The typical red flag is the client’s lack of a contractual agreement with the professional team that will be called on to deliver all the alleged services to be provided. Also, they typically do not have access to experienced legal support in order to handle the complex legal matters associated with captive insurance planning or the possibility of an audit by the insurance or tax regulators. A true interdisciplinary skillset is needed to carry out the formation and effective support of the captive. It is a business owner’s obligation to separate the amateurs from the professionals and rise above the fray.

The right domicile is also a contributing factor. Captives must operate in a regulatory environment that is both efficient and effective. Attributes of a compliant domicile include responsiveness, cost-efficiency, and expertise with the middle market. Some US-based domiciles work mainly with larger enterprises and aim to drive tax revenues to the state and boost tourism dollars from directors’ meetings, bank accounts, auditors or other services that must be bought locally. Middle market business owners often find these domiciles inhospitable given their desire for cost-effective, efficiently provided services.

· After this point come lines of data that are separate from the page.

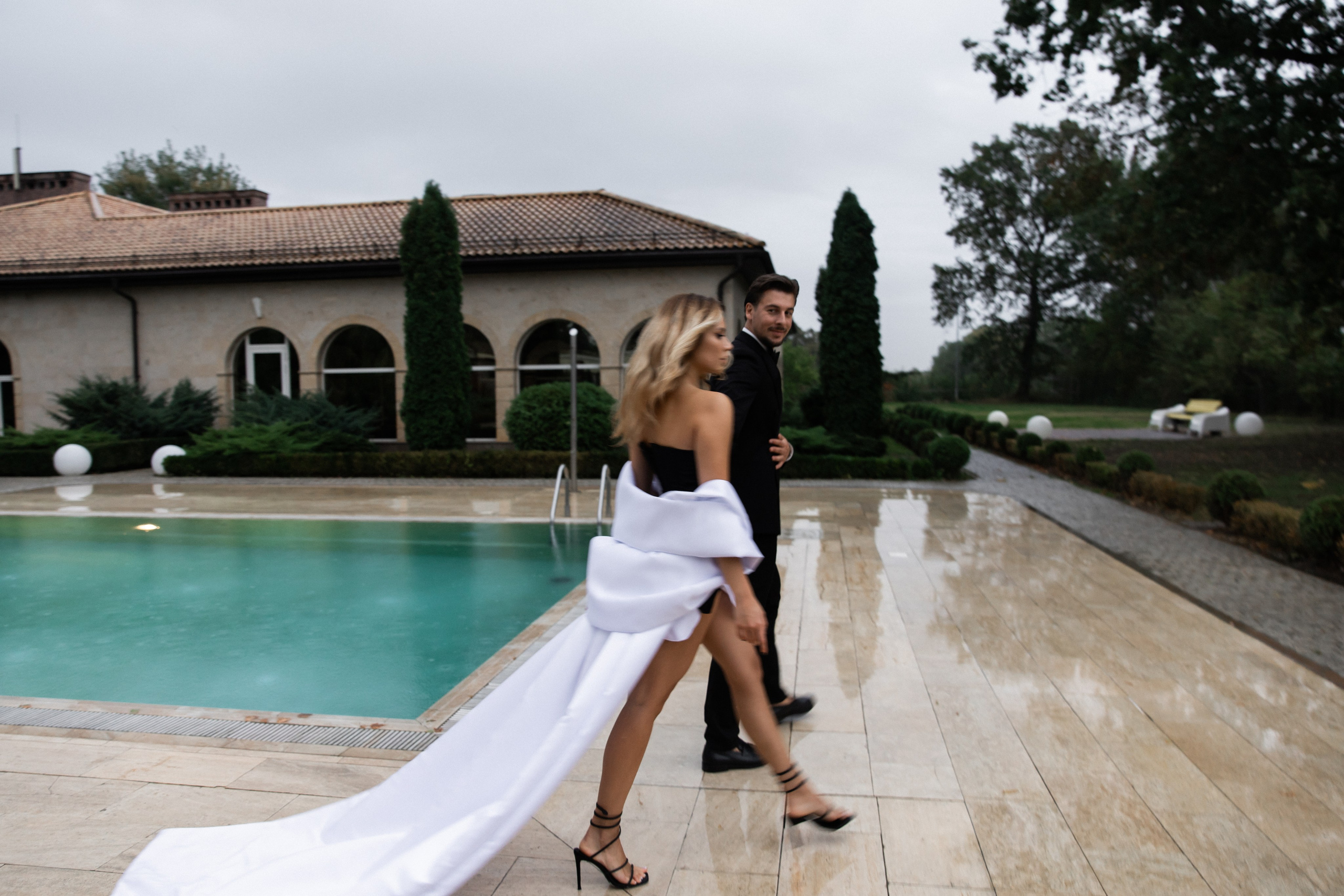 V&V. Валерия Солнцева свадебный и семейный фотограф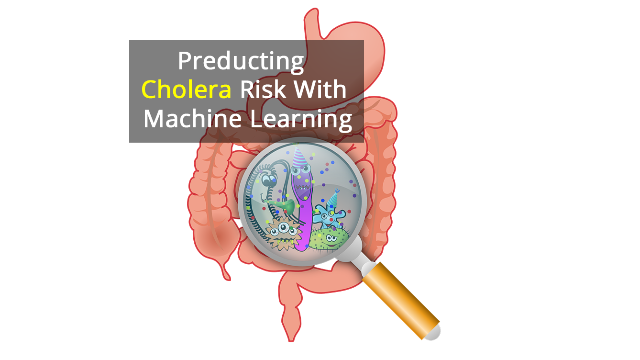 Algorithms Analyze Gut Microbiota to Predict Cholera Risk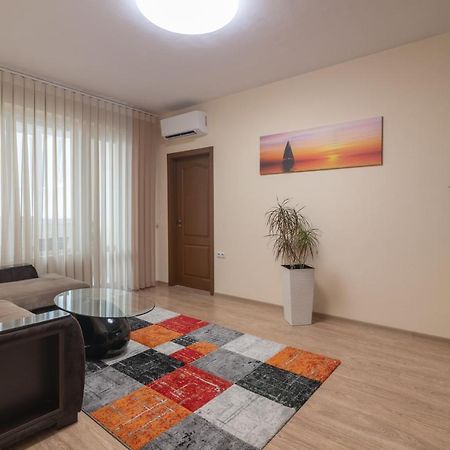 Bgapartments - Momina Salza Varna Exteriör bild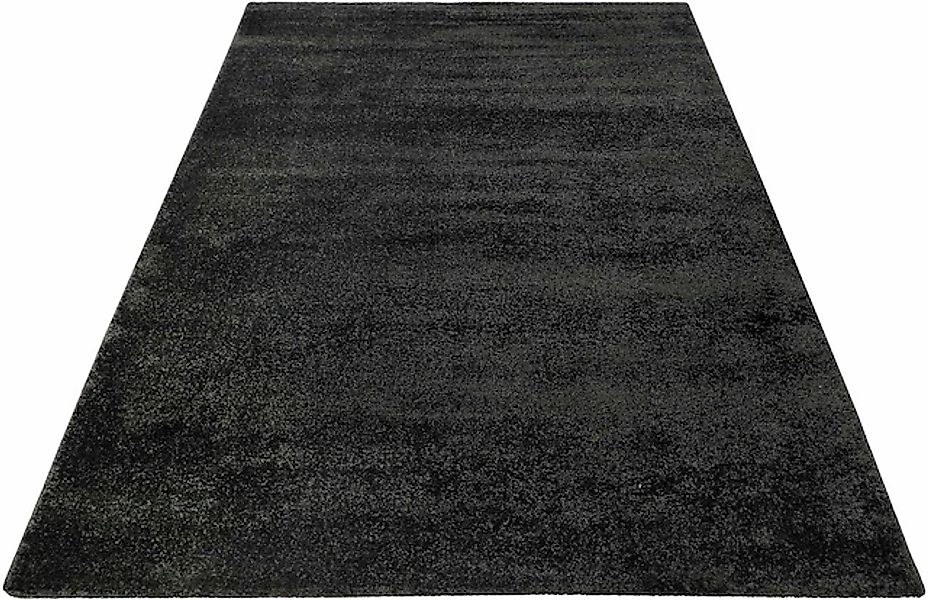 Esprit Teppich »California ESP-22937«, rechteckig, 18 mm Höhe, sehr weicher günstig online kaufen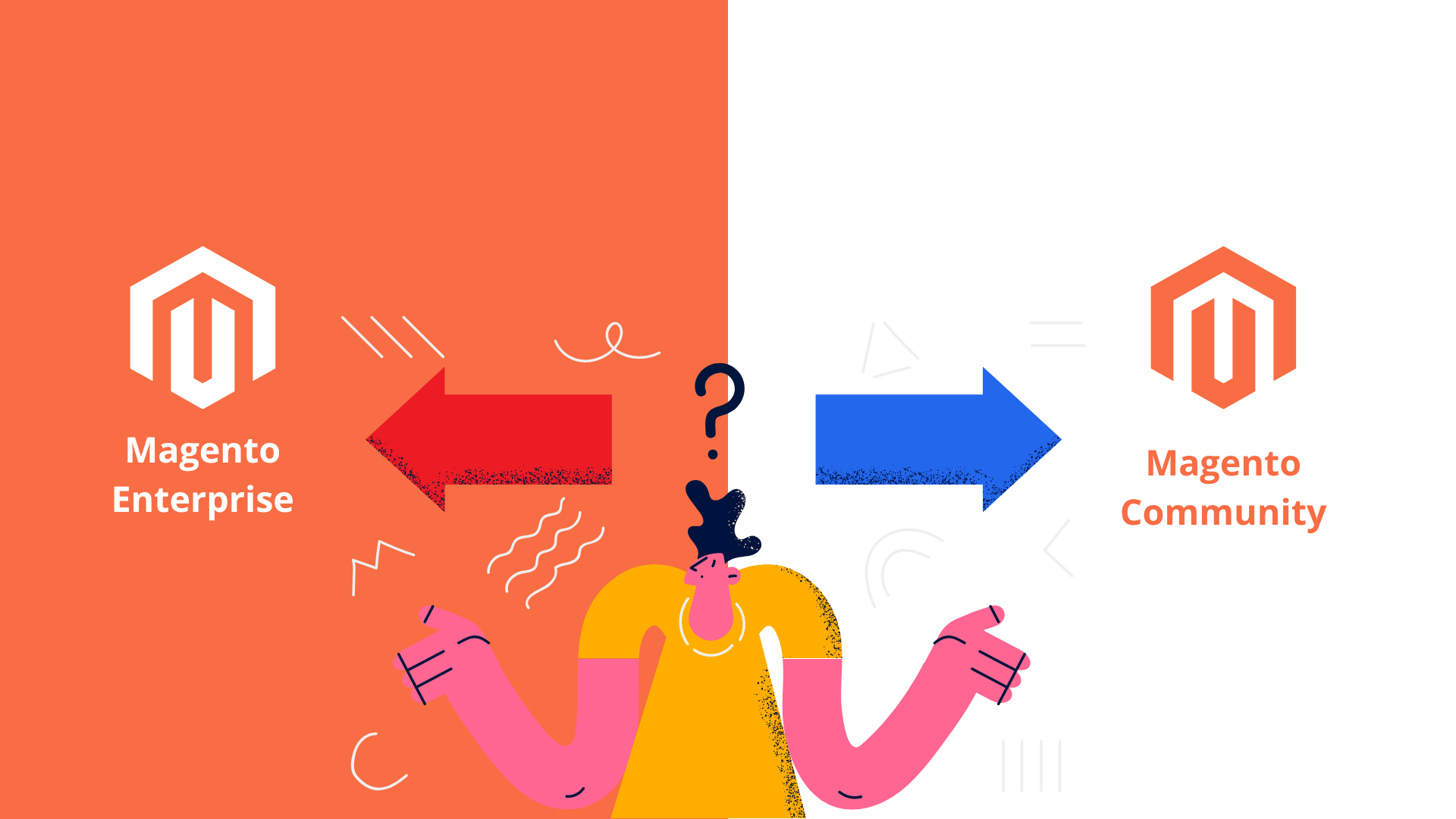 magento-versions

The true benefits of captive insurance

The popularity of captive insurance planning as an alternative risk management tool is due in part to the ancillary benefits it provides. Property and casualty insurance premiums that are paid to a captive are fully deductible to the insured as its ordinary and necessary business expenses. If the captive is properly set up with appropriate premiums throughout, is fully compliant, and includes policies that fall within the parameters of commercial reasonableness, the captive’s premiums are taxed at attractive rates—as low as zero percent.

Operating businesses are allowed to deduct losses only as they occur. In contrast, insurance companies are unique in that they are able to deduct loss reserves based on a past claims experience. However, for US C-corporations under Section 831b of the Internal Revenue Code where annual premiums are less than $1.2 million, premium revenue may be tax-exempt. With a captive insurance arrangement, those premiums are available to fund losses during the coverage period, or in the event that losses are lower than expected, the profits can be distributed to the captive’s owners at advantageous tax rates.

Another significant advantage of the captive arrangement is the avoidance of the inevitable claim denial. Conventional insurers may legitimately deny a claim due to exclusions or on an arbitrary basis. Often legitimate claims are denied, necessitating an insured’s suing the insurer to recover on the insurance coverage obtained, even in the case of a bona fide claim. Businesses are then compelled to sue their insurance companies to recover unpaid claims. In contrast, claims administration via a captive can be much more timely and legitimate, with wrongful claim denials a thing of the past.

The benefits associated with captive insurance—including estate planning, asset protection, tax efficiencies, and custom-made coverages—are now an option for mid-market companies. Wise business owners will take advantage of the resulting opportunity.

Stewart Feldman is Capstone’s CEO and general counsel.